Sandra terlihat duduk di samping Nando, sedangkan Adi masih berdiri tak jauh dari mereka.
"Silahkan duduk!" ujar Nando sambil menggeser posisi duduknya.
"Terimakasih, tidak masalah aku berdiri, sejak tadi duduk terus!" tukas Adi.
"Do, dia siapa?" tanya Sandra.
"Dia Adi, teman Vania!" jawab Nando.
"Teman Vania? Kau membiarkan Vania jalan dengan pria lain Do?" bisik Sandra lagi.
"Iya San, mereka hanya berteman!" sahut Nando singkat.
****
Tring ... Tring ... Tring
Ponsel Tante Rina berdering, dengan kesal Tante Rina mengusap layar ponselnya, setelah tau siapa yang meneleponnya.
"Halo! Mau apa lagi kau meneleponku! Urusan kita sudah selesai!" sengit Tante Rina pada Pak Wiryo yan menelponnya.
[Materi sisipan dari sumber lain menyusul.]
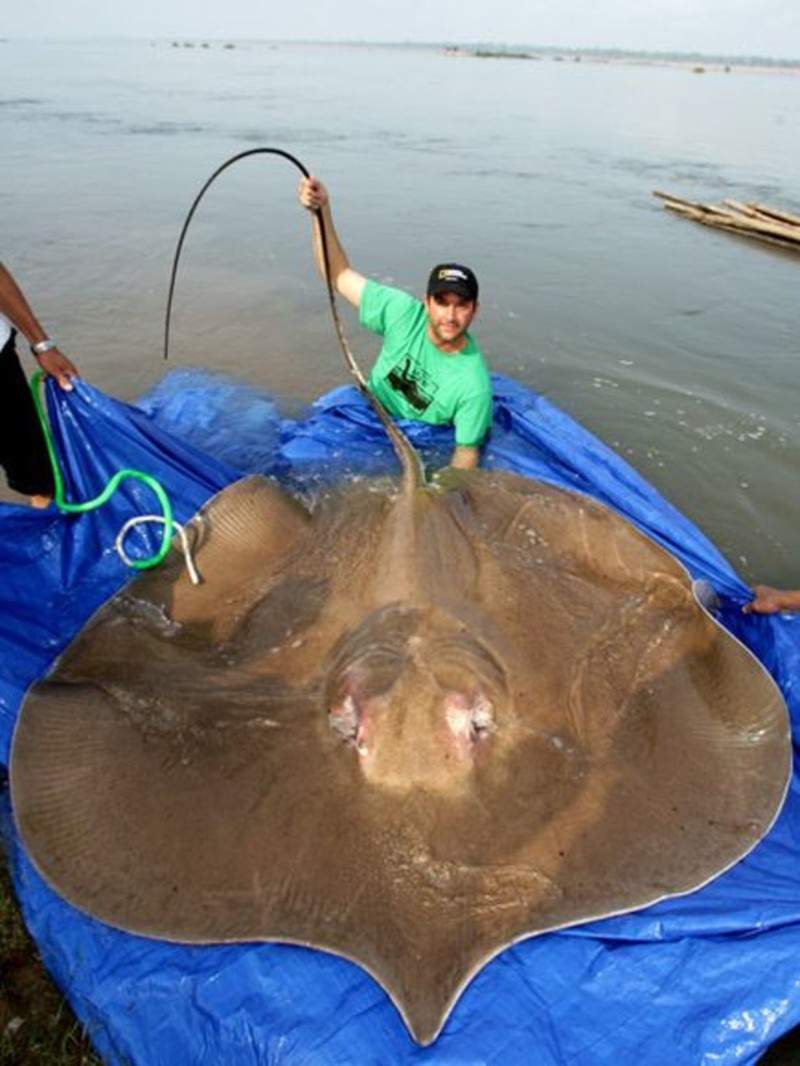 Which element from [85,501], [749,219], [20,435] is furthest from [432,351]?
[749,219]

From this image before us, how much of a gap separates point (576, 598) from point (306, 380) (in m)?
4.40

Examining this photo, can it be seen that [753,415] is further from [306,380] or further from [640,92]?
[640,92]

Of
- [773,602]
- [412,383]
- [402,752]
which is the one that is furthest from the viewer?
[412,383]

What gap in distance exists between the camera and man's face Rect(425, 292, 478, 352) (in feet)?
13.8

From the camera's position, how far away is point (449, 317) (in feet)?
14.1

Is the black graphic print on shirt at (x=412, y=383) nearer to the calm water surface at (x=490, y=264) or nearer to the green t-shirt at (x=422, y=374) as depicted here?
the green t-shirt at (x=422, y=374)

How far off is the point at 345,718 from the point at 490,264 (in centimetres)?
942

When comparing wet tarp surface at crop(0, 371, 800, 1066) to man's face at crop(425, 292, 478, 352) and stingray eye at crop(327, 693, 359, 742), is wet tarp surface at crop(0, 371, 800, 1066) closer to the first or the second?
stingray eye at crop(327, 693, 359, 742)

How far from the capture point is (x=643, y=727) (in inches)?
94.9

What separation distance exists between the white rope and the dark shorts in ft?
1.94

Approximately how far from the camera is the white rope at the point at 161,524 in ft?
9.97

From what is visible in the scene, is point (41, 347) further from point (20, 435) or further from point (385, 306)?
point (385, 306)

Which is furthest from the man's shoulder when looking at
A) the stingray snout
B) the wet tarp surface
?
the stingray snout

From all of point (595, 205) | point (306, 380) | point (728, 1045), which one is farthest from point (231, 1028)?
point (595, 205) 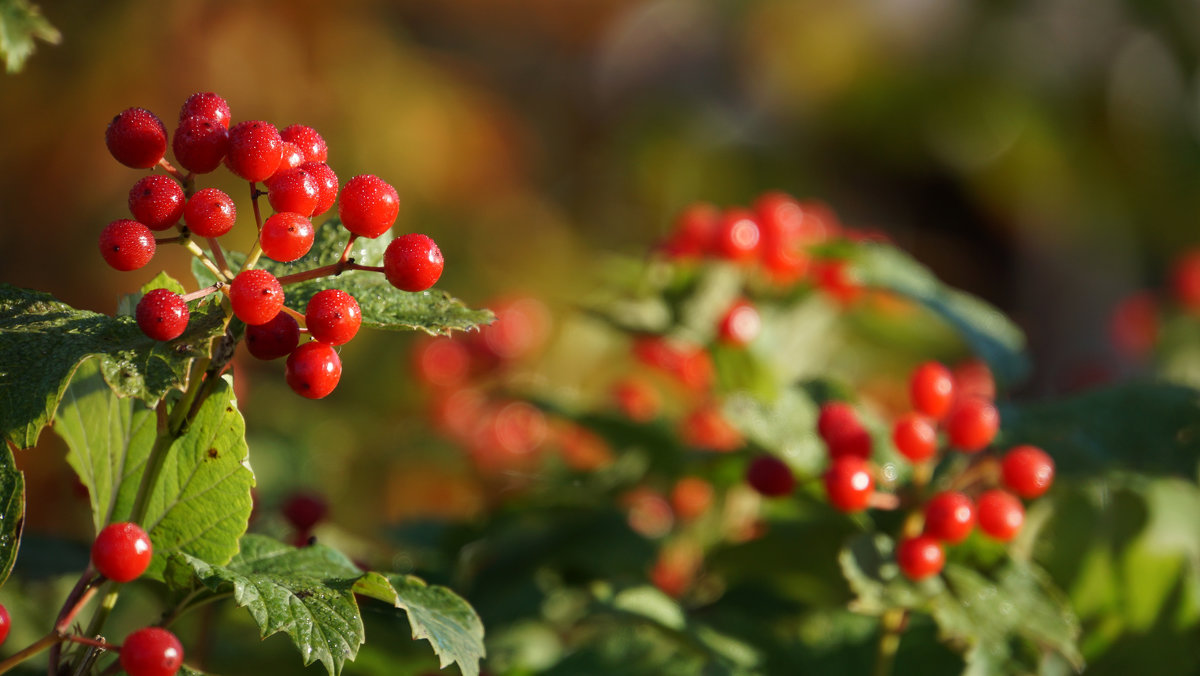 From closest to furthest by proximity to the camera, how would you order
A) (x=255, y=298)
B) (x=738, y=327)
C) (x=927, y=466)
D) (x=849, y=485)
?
(x=255, y=298)
(x=849, y=485)
(x=927, y=466)
(x=738, y=327)

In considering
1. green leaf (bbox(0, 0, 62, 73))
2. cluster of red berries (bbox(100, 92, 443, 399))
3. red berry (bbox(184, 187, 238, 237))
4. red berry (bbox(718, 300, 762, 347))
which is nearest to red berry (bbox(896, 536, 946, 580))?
red berry (bbox(718, 300, 762, 347))

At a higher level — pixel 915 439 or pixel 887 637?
pixel 915 439

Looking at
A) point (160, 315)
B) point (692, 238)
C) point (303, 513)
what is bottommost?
point (303, 513)

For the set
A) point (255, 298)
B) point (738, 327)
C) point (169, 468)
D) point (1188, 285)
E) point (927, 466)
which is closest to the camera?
point (255, 298)

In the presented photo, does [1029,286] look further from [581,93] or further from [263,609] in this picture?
[263,609]

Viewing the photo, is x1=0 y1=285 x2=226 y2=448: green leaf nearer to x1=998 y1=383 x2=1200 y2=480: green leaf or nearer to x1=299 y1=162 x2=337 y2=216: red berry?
x1=299 y1=162 x2=337 y2=216: red berry

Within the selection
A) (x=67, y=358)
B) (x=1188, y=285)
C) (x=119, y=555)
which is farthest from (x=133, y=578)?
(x=1188, y=285)

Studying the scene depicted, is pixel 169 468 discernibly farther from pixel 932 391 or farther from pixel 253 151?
pixel 932 391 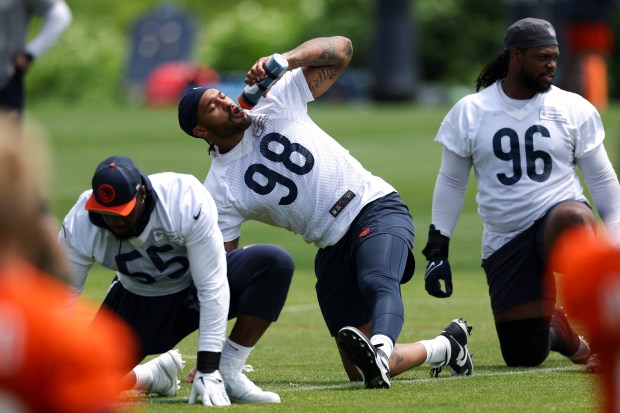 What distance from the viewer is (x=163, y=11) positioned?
46688 millimetres

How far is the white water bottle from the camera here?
652cm

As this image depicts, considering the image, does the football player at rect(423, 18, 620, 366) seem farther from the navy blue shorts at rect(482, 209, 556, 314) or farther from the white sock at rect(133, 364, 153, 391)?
the white sock at rect(133, 364, 153, 391)

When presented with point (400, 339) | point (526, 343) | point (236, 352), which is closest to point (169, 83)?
point (400, 339)

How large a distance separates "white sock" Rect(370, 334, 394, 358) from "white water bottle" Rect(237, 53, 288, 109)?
4.52 feet

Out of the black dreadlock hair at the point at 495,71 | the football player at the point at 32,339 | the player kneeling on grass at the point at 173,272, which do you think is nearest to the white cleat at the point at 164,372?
the player kneeling on grass at the point at 173,272

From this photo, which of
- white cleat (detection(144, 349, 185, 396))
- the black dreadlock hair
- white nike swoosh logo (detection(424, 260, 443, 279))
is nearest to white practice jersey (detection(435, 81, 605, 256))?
the black dreadlock hair

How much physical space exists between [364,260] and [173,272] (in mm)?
1065

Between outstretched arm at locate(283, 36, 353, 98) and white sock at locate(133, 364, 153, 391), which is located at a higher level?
outstretched arm at locate(283, 36, 353, 98)

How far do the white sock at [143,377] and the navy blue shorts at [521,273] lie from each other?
2153 millimetres

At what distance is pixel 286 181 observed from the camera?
6516mm

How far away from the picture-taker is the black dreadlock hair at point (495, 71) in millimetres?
7230

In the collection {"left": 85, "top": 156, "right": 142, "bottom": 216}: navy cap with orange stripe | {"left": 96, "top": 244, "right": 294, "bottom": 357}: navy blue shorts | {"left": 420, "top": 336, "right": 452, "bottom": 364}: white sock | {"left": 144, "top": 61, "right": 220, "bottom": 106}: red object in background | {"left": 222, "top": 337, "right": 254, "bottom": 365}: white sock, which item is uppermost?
{"left": 85, "top": 156, "right": 142, "bottom": 216}: navy cap with orange stripe

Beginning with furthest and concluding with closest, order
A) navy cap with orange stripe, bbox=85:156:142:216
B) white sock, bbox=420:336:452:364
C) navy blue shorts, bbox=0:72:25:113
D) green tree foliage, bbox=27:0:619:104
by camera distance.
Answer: green tree foliage, bbox=27:0:619:104, navy blue shorts, bbox=0:72:25:113, white sock, bbox=420:336:452:364, navy cap with orange stripe, bbox=85:156:142:216

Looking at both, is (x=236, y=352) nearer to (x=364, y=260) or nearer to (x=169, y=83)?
(x=364, y=260) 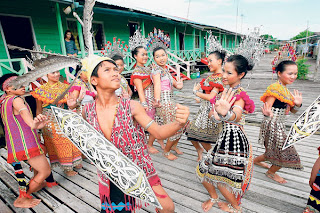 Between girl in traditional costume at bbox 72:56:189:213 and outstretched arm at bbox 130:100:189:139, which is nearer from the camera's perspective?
outstretched arm at bbox 130:100:189:139

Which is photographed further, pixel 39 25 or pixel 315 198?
pixel 39 25

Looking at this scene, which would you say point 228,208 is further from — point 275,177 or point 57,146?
point 57,146

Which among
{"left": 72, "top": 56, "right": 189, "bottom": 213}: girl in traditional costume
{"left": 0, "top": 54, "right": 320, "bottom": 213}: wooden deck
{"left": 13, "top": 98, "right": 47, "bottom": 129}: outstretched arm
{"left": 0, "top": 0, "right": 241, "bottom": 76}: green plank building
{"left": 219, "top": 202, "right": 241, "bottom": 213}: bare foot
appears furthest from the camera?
{"left": 0, "top": 0, "right": 241, "bottom": 76}: green plank building

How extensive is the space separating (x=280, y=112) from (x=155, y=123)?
1798mm

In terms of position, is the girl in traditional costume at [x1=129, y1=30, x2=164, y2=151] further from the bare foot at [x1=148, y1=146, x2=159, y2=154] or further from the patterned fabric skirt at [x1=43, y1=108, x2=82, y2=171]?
the patterned fabric skirt at [x1=43, y1=108, x2=82, y2=171]

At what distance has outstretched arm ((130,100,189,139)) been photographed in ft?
3.87

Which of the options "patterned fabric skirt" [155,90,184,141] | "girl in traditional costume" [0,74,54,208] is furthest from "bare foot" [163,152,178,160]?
"girl in traditional costume" [0,74,54,208]

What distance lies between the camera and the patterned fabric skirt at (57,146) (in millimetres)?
2621

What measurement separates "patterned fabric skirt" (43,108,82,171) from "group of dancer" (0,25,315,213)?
0.01m

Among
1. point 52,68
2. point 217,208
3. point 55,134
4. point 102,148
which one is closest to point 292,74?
point 217,208

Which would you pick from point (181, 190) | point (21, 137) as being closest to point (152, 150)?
point (181, 190)

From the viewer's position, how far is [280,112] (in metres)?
2.28

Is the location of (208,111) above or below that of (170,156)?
above

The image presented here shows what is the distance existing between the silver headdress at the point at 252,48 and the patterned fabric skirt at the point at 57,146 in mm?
2791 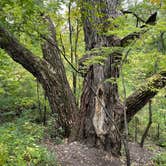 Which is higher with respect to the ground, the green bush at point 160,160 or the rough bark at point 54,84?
the rough bark at point 54,84

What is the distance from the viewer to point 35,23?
4.03m

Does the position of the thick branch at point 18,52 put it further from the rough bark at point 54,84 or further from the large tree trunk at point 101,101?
the large tree trunk at point 101,101

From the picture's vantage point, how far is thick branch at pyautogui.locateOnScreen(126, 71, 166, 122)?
15.0 ft

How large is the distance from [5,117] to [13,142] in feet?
11.0

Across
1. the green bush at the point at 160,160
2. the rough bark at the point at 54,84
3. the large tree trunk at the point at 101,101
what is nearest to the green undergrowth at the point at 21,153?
the large tree trunk at the point at 101,101

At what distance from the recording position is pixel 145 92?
489 centimetres

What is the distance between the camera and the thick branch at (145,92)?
458 cm

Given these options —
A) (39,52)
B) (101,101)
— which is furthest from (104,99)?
(39,52)

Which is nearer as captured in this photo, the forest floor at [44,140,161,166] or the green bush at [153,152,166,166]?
the forest floor at [44,140,161,166]

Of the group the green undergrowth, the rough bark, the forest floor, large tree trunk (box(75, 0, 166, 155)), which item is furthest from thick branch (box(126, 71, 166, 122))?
the green undergrowth

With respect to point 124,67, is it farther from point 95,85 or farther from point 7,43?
point 7,43

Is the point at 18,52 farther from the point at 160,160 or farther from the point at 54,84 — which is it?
the point at 160,160

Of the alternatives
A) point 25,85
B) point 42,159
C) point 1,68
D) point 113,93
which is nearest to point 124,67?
point 113,93

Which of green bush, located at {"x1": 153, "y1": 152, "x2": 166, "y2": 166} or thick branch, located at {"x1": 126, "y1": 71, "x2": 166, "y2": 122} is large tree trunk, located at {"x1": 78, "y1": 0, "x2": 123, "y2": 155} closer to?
thick branch, located at {"x1": 126, "y1": 71, "x2": 166, "y2": 122}
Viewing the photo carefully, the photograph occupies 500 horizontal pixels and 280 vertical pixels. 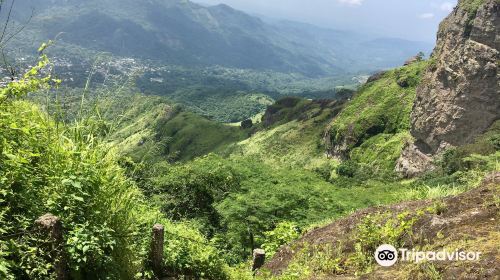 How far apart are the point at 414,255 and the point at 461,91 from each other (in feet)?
228

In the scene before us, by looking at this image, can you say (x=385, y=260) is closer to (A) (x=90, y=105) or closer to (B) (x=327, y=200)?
(A) (x=90, y=105)

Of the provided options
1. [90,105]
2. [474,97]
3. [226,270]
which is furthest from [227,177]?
[474,97]

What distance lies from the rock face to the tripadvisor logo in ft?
221

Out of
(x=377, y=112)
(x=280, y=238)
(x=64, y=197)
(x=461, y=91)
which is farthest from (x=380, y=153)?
(x=64, y=197)

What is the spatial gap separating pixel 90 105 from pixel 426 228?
685cm

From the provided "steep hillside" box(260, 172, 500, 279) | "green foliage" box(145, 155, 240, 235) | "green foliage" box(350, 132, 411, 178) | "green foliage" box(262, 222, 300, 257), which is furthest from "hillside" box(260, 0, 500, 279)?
"green foliage" box(145, 155, 240, 235)

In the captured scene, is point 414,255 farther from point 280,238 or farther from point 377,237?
point 280,238

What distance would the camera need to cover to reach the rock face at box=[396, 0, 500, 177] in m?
65.6

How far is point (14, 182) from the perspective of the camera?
550 centimetres

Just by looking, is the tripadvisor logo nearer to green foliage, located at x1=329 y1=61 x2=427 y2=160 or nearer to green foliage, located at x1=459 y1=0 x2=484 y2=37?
green foliage, located at x1=459 y1=0 x2=484 y2=37

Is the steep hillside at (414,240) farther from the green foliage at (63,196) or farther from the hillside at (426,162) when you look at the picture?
the green foliage at (63,196)

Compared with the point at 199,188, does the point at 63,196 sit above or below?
above

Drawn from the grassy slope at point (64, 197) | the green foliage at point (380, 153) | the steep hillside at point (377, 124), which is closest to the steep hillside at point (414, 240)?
the grassy slope at point (64, 197)

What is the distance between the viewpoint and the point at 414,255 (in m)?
7.39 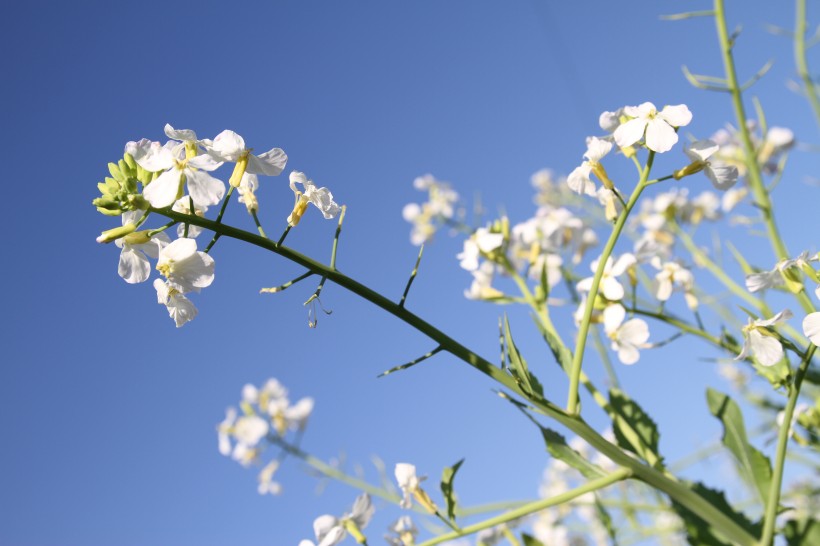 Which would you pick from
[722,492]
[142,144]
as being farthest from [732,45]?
[142,144]

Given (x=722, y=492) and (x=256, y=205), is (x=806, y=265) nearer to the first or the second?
(x=722, y=492)

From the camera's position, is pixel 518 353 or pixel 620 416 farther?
pixel 620 416

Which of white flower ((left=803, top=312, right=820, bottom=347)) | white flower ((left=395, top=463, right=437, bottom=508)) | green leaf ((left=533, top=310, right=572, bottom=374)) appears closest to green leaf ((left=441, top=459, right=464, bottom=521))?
white flower ((left=395, top=463, right=437, bottom=508))

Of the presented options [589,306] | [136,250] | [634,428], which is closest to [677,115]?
[589,306]

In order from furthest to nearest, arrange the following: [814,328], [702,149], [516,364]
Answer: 1. [702,149]
2. [516,364]
3. [814,328]

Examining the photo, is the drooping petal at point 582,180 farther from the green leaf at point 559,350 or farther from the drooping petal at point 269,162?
the drooping petal at point 269,162

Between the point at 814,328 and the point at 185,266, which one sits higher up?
the point at 185,266

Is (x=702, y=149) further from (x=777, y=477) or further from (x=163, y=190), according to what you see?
(x=163, y=190) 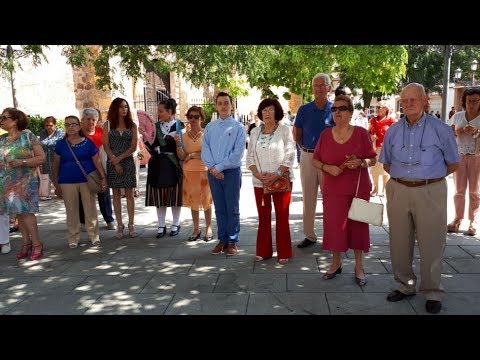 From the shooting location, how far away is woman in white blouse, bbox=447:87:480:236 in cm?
599

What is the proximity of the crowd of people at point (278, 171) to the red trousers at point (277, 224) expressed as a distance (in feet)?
0.04

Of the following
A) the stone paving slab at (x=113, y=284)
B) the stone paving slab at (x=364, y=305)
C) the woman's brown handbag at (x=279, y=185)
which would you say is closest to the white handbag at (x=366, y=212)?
the stone paving slab at (x=364, y=305)

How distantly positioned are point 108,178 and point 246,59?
4.00 meters

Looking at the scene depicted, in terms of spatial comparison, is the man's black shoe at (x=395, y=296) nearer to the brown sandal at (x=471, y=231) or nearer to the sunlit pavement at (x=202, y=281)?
the sunlit pavement at (x=202, y=281)

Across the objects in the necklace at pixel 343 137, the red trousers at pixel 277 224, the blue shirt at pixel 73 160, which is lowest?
the red trousers at pixel 277 224

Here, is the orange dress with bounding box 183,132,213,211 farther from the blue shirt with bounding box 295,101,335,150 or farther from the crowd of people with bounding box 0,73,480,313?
the blue shirt with bounding box 295,101,335,150

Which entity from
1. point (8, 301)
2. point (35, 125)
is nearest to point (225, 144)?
point (8, 301)

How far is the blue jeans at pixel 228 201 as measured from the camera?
5480 millimetres

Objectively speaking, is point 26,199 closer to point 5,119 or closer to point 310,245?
point 5,119

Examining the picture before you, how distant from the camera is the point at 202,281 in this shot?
4.74 m

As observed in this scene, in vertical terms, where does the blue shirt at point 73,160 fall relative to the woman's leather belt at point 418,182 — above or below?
above

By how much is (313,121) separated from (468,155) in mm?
2276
"Hei, siapa bilang urusan kita sudah selesai, berikan aku sejumlah uang, atau ku bongkar rahasiamu yang sudah menyuruhku menculik bayi itu!' ancam Pak Wiryo.
"Kau memang bajingan!! Menyesal aku bekerja sama dengan mu!!" cetus Tante Rina. Pak Wiryo nampak terkekeh.
"Aku tau misi mu untuk menculik bayi itu gagal, tapi bukan berarti misi ku untuk terus memerasmu juga gagal!" ujar Pak Wiryo.
"Kurang ajar kau!!" sengit Tante Rina sambil menutup layar ponselnya.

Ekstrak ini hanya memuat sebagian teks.